Half an hour later the pain had stopped and the nurse called i told her what i had experienced and she said "pain wont kill you love, i want to know how much blood you've lost". anyway i was bleeding but not gushing, I changed my pad often and had small clots but nothing like the first lot. i was scared the pain would happen again but it didnt and to be honest as horrid as that first half hour was after that it was just bad period pain completely managable with a hot water bottle (priceless).
My tip would be take the strong pain killers they give u before the pesseries no matter what they say!!! make sure u have someone that loves u to look after you, and some stick on heat pads for your back and a hotwater bottle for your front. Nightime ultra pads (but not huge as its difficult to gage the bleeding then)
I was really scared that it hadn't worked because i had read stories of clots and felt that if i had already had one huge clot and still hadn't miscarried how big was the one i was waiting for going to be??!
I went for a scan 3 days later but it was complete just some tissue which will work its way out slowly. So when people say they know they passed the sac etc I would say they may think it is but it possibly isn't, U could make a feutus shape out of any little clot, trust me i did with everything i saw!
In all honesty despite how confused, upset and guilty i felt before hand, I feel relief now and Know i made the best decision for me. However i am emotional and still feel terrible about it all.
Ladies my experience was very painful. And i do think they completely downplay the pain although i know different for everyone. I wanted to have it as soon as i could because i felt so guilty and could not have done this past 6 weeks, but if i could have had the option i would do the surgical everytime. This will never happen to me again. I am very sorry you find yourself in this situation just do what is right for you, having a child is such a huge responsibility something that you have to be sure about.
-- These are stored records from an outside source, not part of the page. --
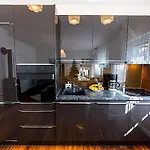 Apartman Emily Zadar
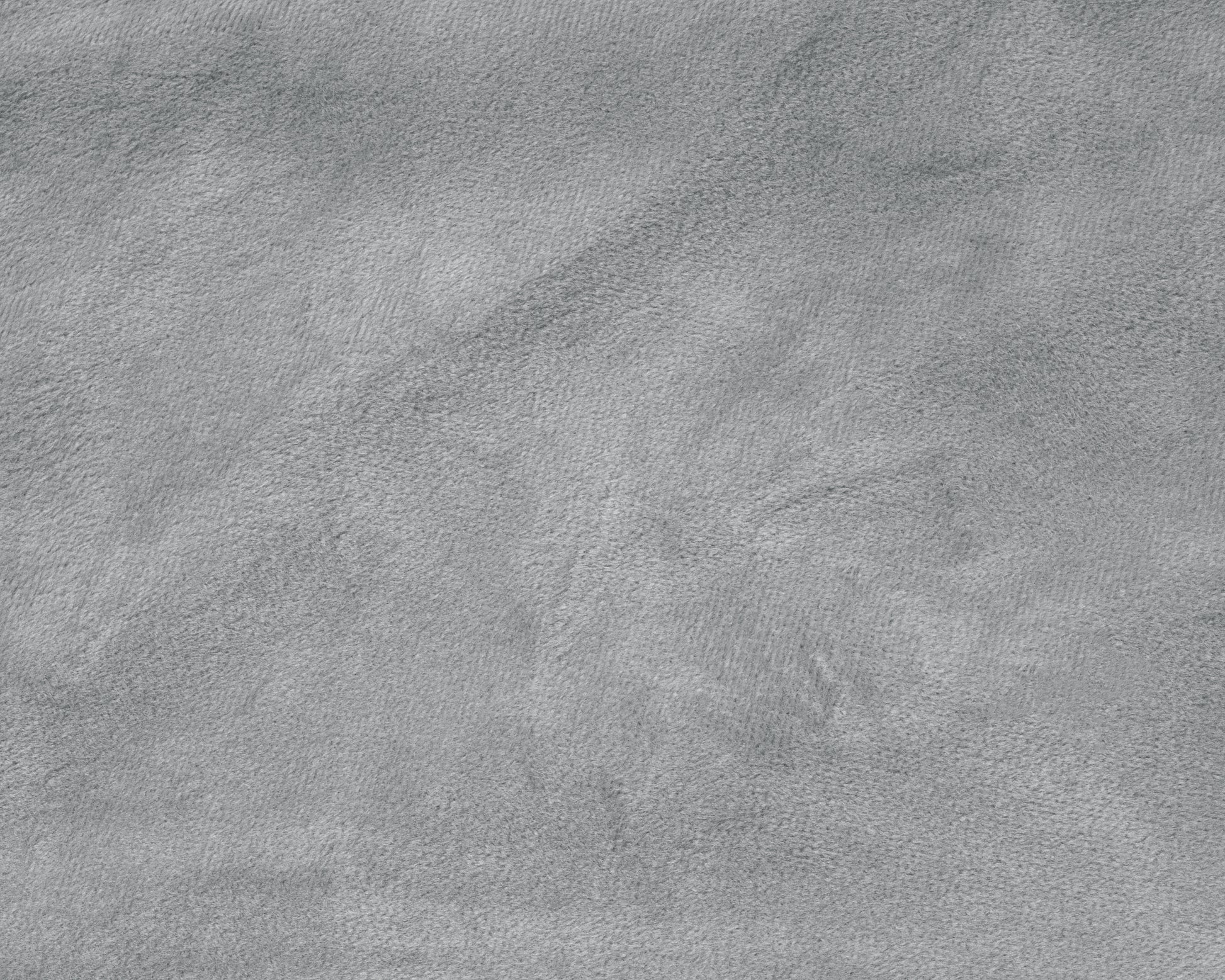 Velvet 2 in 1 kussenslopen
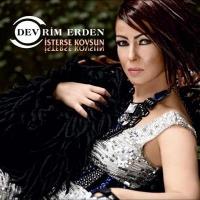 İsterse Kovsun (CD)  Frontansicht 1
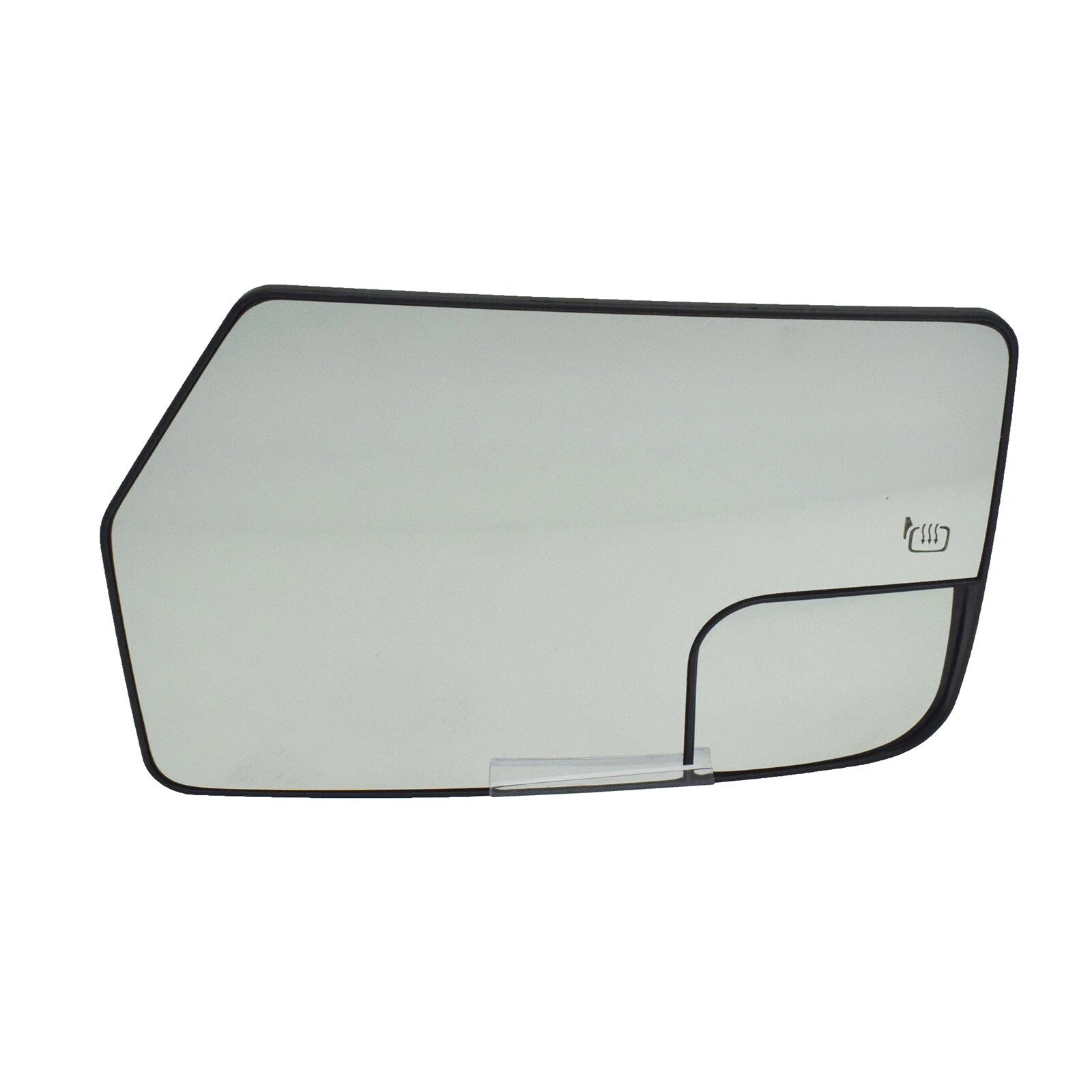 Left Mirror Glass Heated for Ford Expedition Lincoln Navigator 12-17 CL1Z17K707D 6B93BC-57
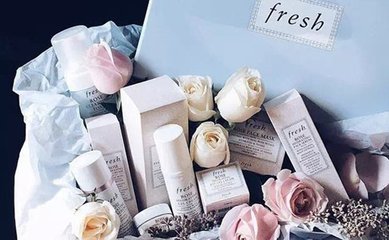 涂抹式面膜推荐平价好用,好用的涂抹式面膜推荐一下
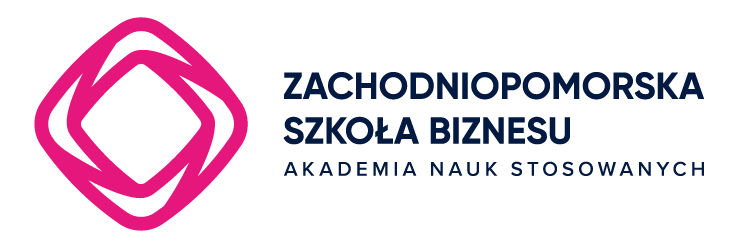 ZPSB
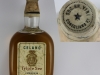 CELANO Soc. An. VINI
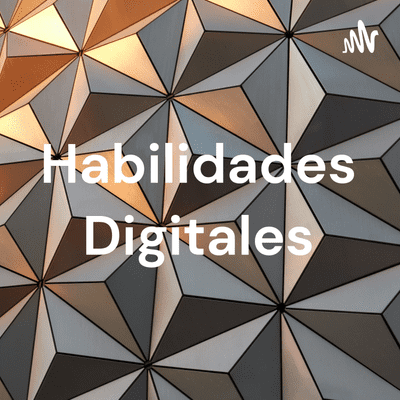 Habilidades Digitales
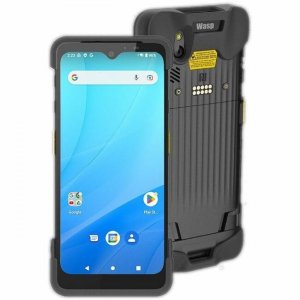 Wasp Rugged Mobile Computer 633809012662 DR6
Everyone Makes Mistakes, just read your post. I realize you had your abortion a couple of months ago. Want you to know I appreciate you sharing your story. I hope you are moving past some of the emotions you were feeling when you wrote this post and that you are doing good. I had an abortion over a year ago (October 2010) and when I say I understand a great deal, I mean it. If it offers you any comfort, I struggled emotionally for awhile after I had it done. But after I got through all the emotional ups and downs, I can honestly say I am better post abortion then I was pre-abortion. I am proud of myself for making the decision I did, for making my choice.